こんにちは。アートライティングコース教員の大辻都です。
花の季節が過ぎ、新緑の季節へ。新入生もすでに授業に参入し、春学期もピークを迎えようとしています。

ことのほか時の推移が早く感じられる春ですが、先日、音楽家の坂本龍一氏が亡くなったことはどなたも記憶に新しいでしょう。広範な活動をされていただけに、世界中から弔意が寄せられましたが、私もまた、この訃報に衝撃を受けたひとりです。私が少し意識的に音楽を聴くようになり、自分の趣味が芽生え始めたのは1970年代半ば頃。その少しあと、高校時代にYMOに出会い、日本人らしからぬそのスタイリッシュな音に大いに憧れを抱きました。映画『戦場のメリークリスマス』や忌野清志郎との「い・け・な・いルージュマジック」も青春の背景でした。

若い一時期夢中になりはしても、長きに渡るその音楽活動をつねに追ってきたわけではなかったのですが、追悼としてメディアに溢れた氏の業績や言動をふり返る記事に触れ、作品を聴き返してみて、あらためて人類の向かう先やエコロジー視点での世界全体を見据えつつ芸術活動を実践してきた音楽家なのだと感じ入りました。

これらの報道のなかで、坂本氏が生前好んだ「Ars longa vita brevis」というラテン語の表現を目に、あるいは耳にした方もいるのではないでしょうか。もとは古代ギリシャで医術を行ったヒポクラテスの言葉とされます。arsとは英語でいうアートartのこと。元来自然に対して人間が後天的に作り出した「技術」を指し、「医術の習得には時間がかかるが、人の一生は短い」との意味だったようです。ですが、後にartという言葉の意味は、「芸術」へと転じていきます。坂本氏が意図したのも、「芸術は長く残るが、人の一生は短い」ということで、ご本人の早過ぎる死と残された大きな仕事を思うにつけ、この表現が真実として迫ってくる気がします。

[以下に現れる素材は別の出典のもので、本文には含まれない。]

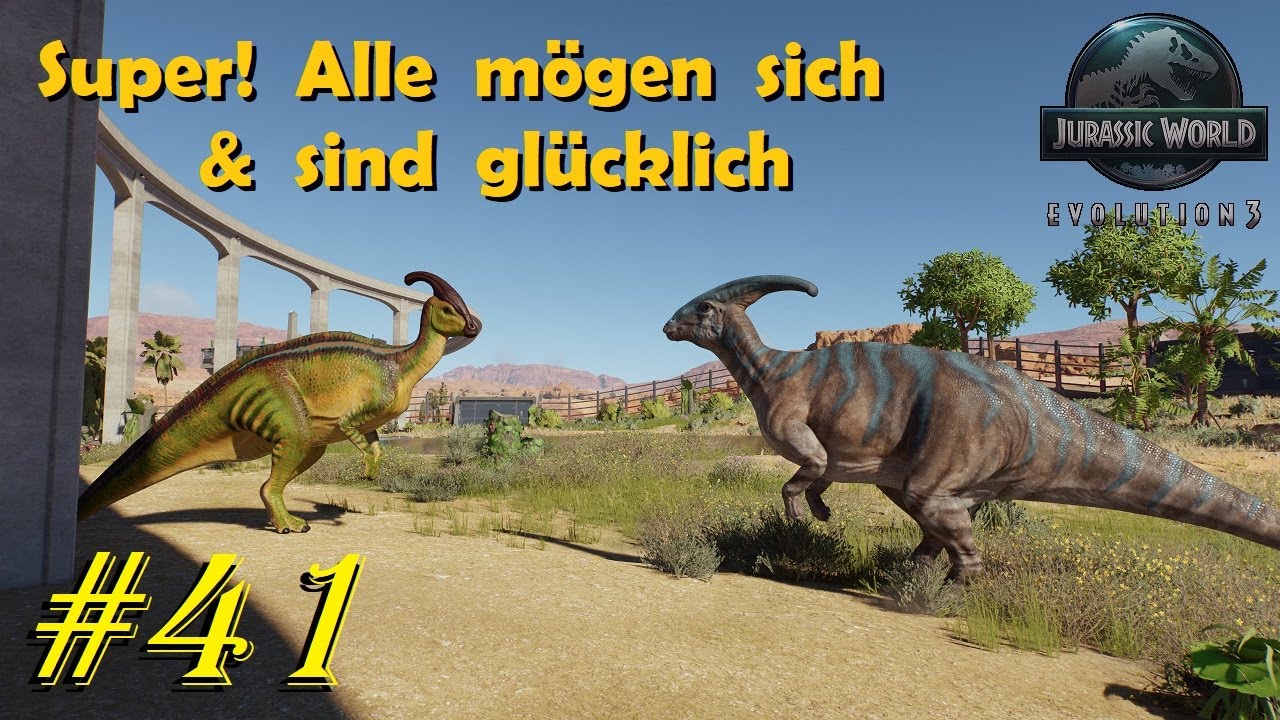 Jurassic World Evolution 3 #41 Die KOHABITATION funktioniert prächtig / Kampagne MONTANA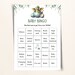 30 Printable Dragon Baby Shower Bingo Cards 5x7'' Prefilled Baby Bingo ...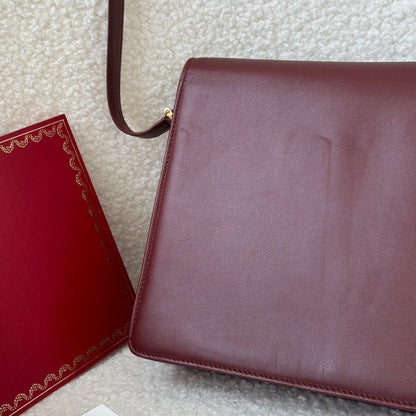 Must de Cartier Messenger Bag in Bordeaux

さて、私たちが取り組んでいるアートライティングにも、この表現は深く関わっていると思っています。アートライティングとは広い意味での文化・芸術を対象にしながら、言葉による作品を書く行為です。この場合アートとは、誰もが思い浮かべる絵画や音楽のような歴史ある芸術ジャンルから、町の中などで生まれつつある文化活動まで幅広い範囲を指しています。

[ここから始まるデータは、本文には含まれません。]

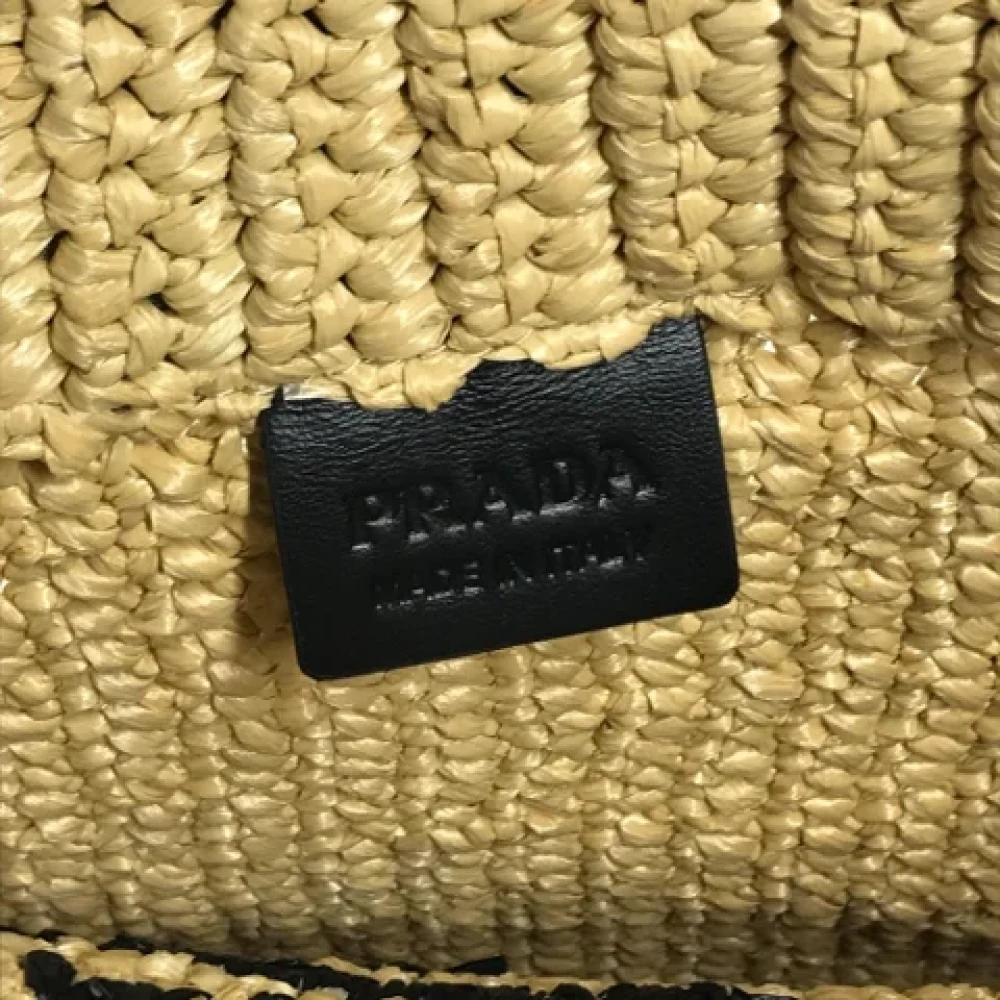 Prada Vintage Pre-owned Fabric prada-bags Beige Dames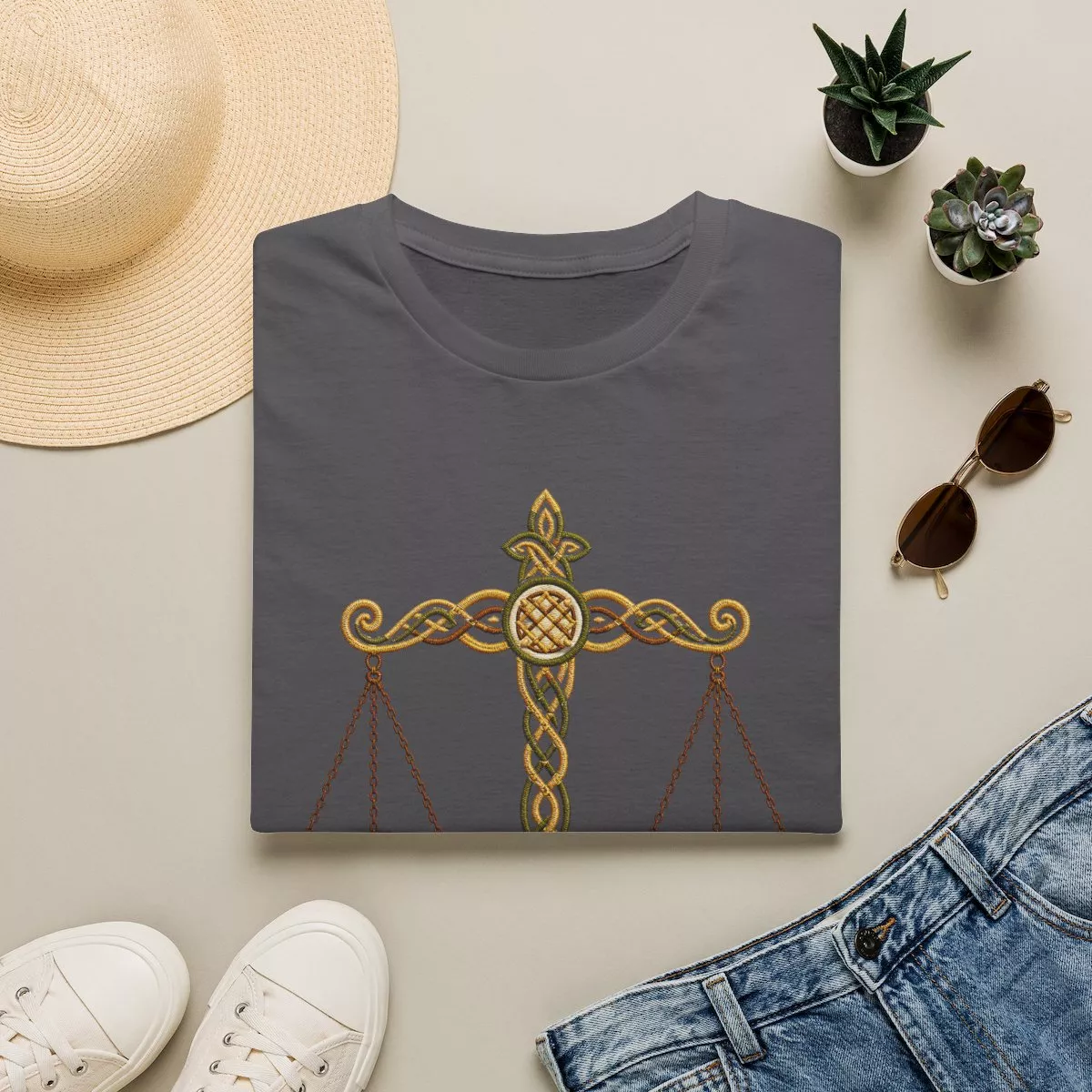 Celtic Scales of Justice T-Shirt | Integrity Matters | Lawyer Legal Tee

本を読んだり、映画を見たり、旅をして知らなかった土地の文化に触れたり。生きていく過程でさまざまな芸術・文化に出会う時、私たちは何かしらの感慨を持つことがあります。「ああ、いいな」とひとり頭のなかで思うこともあれば、一緒に同じ絵を観た友人と感想を言い合うこともあるかもしれません。それは好き嫌いの素朴な感覚であることも、もう少し深化した考察であることもあるでしょう。もしかしたら他の人も面白いと共感してくれるようなアイディアであるかもしれません。

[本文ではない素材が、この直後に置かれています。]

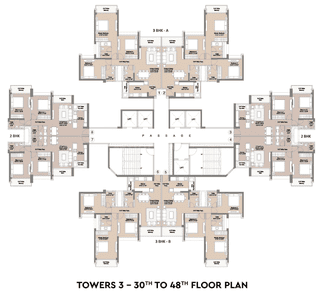 Project Image of 665.43 - 959.18 Sq.ft 2 BHK Apartment for buy in Sunteck Sky Park
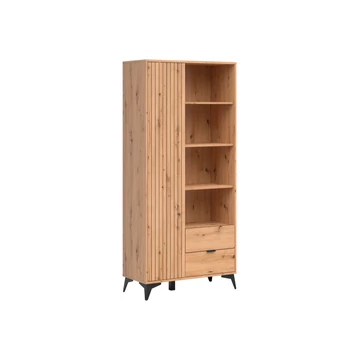 Lamea állópolc 90 cm ajtóval, 2 fiókkal és 3 polccal – artisan tölgy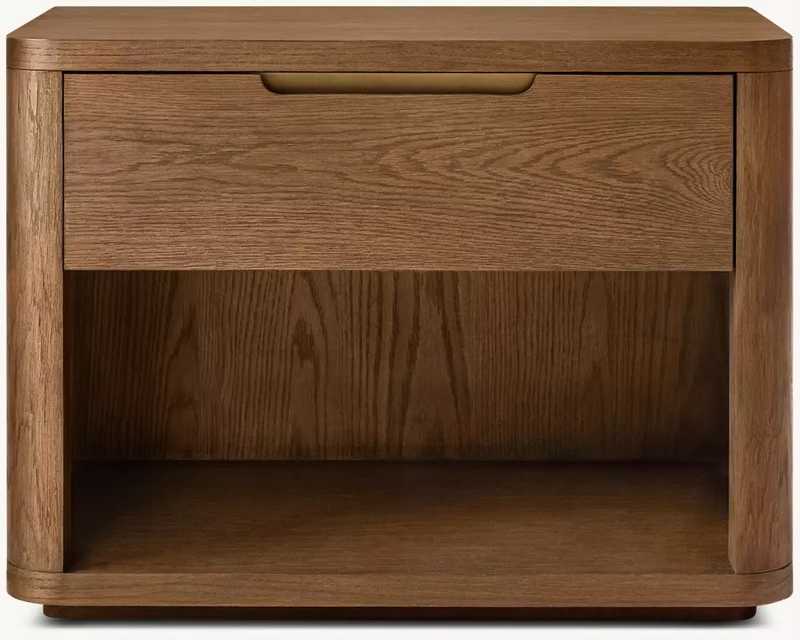 Solid Wood Opened Nightstand 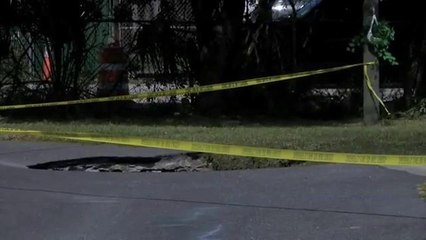 Pasco: Otro socavón en Holiday Travel Park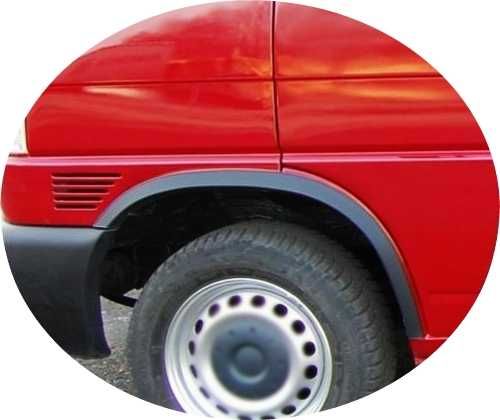 VW T4 T5 Nakładki listwa nadkola przód tył błotnik lewy prawy zestaw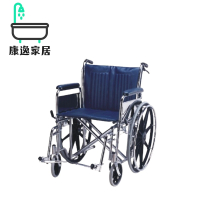【康逸家居】康復醫療 電鍍20吋可拆手腳輪椅B附加功能A款(電鍍手腳可拆輪椅#24吋鋁輪圈#灰色PU胎)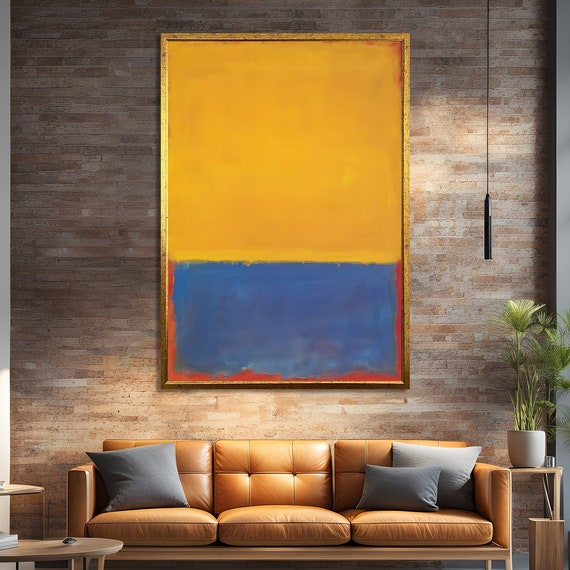 Mark Rothko Style Abstract Art Print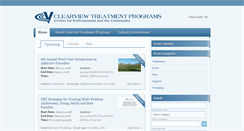 Desktop Screenshot of clearviewtreatmentevents.com
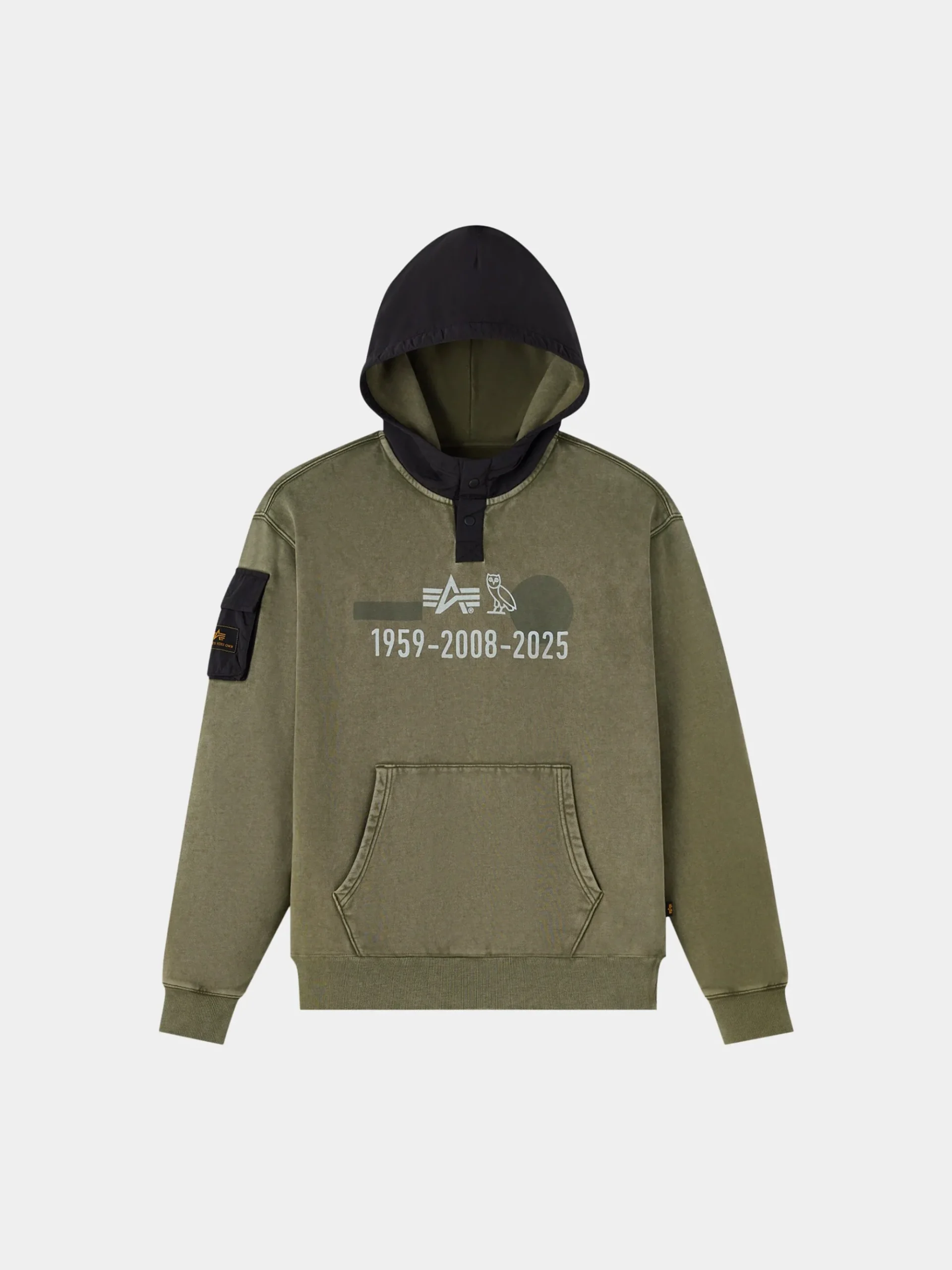 OVO X ALPHA GARMENT DYE HOODIE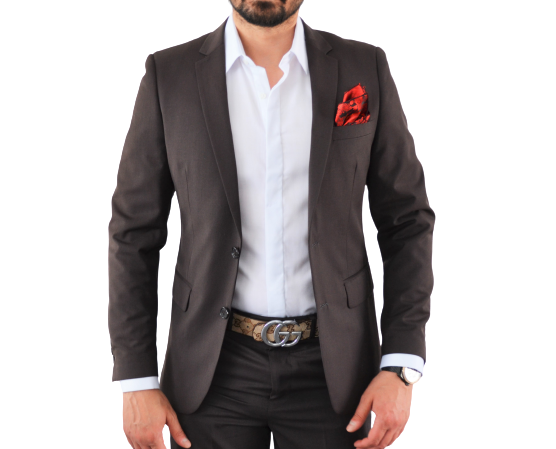 Costume homme marron uni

とはいえ、頭のなかだけの考えや話し言葉によるおしゃべりは、残念ながら時間とともに風化してしまいがちです。年齢を経ると忘却の速度はなおさら高まり、あれほど読んだ本、あれほど見た映画は自分にとって何の意味があったのだろうと虚しい気持ちになることも少なくありません(私の場合ですが)。

そうした想念や一時のおしゃべりに目に見えるかたちを与えてくれるのが、文字としての言葉です。事物を指し示すのに人が生み出した記号である言葉は、消えやすく輪郭の曖昧な発見や考察に対し「止め」の役割を果たします。言葉で再構成された発見や考察は広く伝わり、また長きにわたり残りうるという利点があるのです。

もちろんむやみにただ書きさえすればいいわけではありません。言葉は人工的な記号に過ぎず、モノや考えそれじたいではありませんから、言いたいことを寸分違わずその通りに表現できると思うのは短絡的です。それでも言葉というこの素材を選び抜き、何とかうまく組み合わせ、できるかぎり上手に料理すれば、他者にも届く作品ができるかもしれません。その料理の仕方を学ぶ場がアートライティングコースだと考えてください。

アートライティングコース|学科・コース紹介

アートライティングを実践的に学ぶ演習科目では、最初のステップとして「ディスクリプション」に取り組みます。ディスクリプションとは、対象をできるかぎり正確に観察し、描写すること。自分の愛用するもの、そして自分の知っている町を、それを知らない読者にも伝わるように書くことを試みてください。目だけでなく、手触りや音、匂いなど五感をフルに使った観察が、生き生きとして魅力的な描写につながるはずです。

次のステップでは、アートライティングに不可欠な書き手自身の視点を取り入れた「クリティカル・エッセイ」を試みます。映像と記憶、文化としての食、紙の本、音楽をめぐってという4題から選択し、批評的視点をもった文章を模索してもらいます。「自分語り」に陥ることなく、対象について「自分の見方」を示すのは簡単ではありませんが、模索を尽くした読み応えたっぷりの作品に出会える時の喜びはひとしおです。

こうしたステップを経て、卒業作品は自由テーマで書かれます。戦時下に交わされた古い書簡を読み解くエッセイ、フェミニズム的視点をもって分析された絵画批評、古代の編布を現代に蘇らせる実践の記録、実現されなかった美術展の謎に迫るインタビュー……。この春も魅力に溢れるアートライティング作品が多数書き上げられました。(ブログの下部にあるリンクより卒業作品の一部をご覧いただけます)

コースには映画好きや美術館好きもいれば、すでに記事を発表しているライターや編集者、書店やギャラリー勤めの方、自身がデザインや舞台などの制作に関わっている方などさまざまな学生がおり、それだけに意外な方向からの作品アプローチにこちらもはっとさせられます。

この春もたくさんの新入生がやってきました。彼ら、彼女らの奮闘で、また新たなアートライティングの景色が広がってくれるのが今から楽しみです。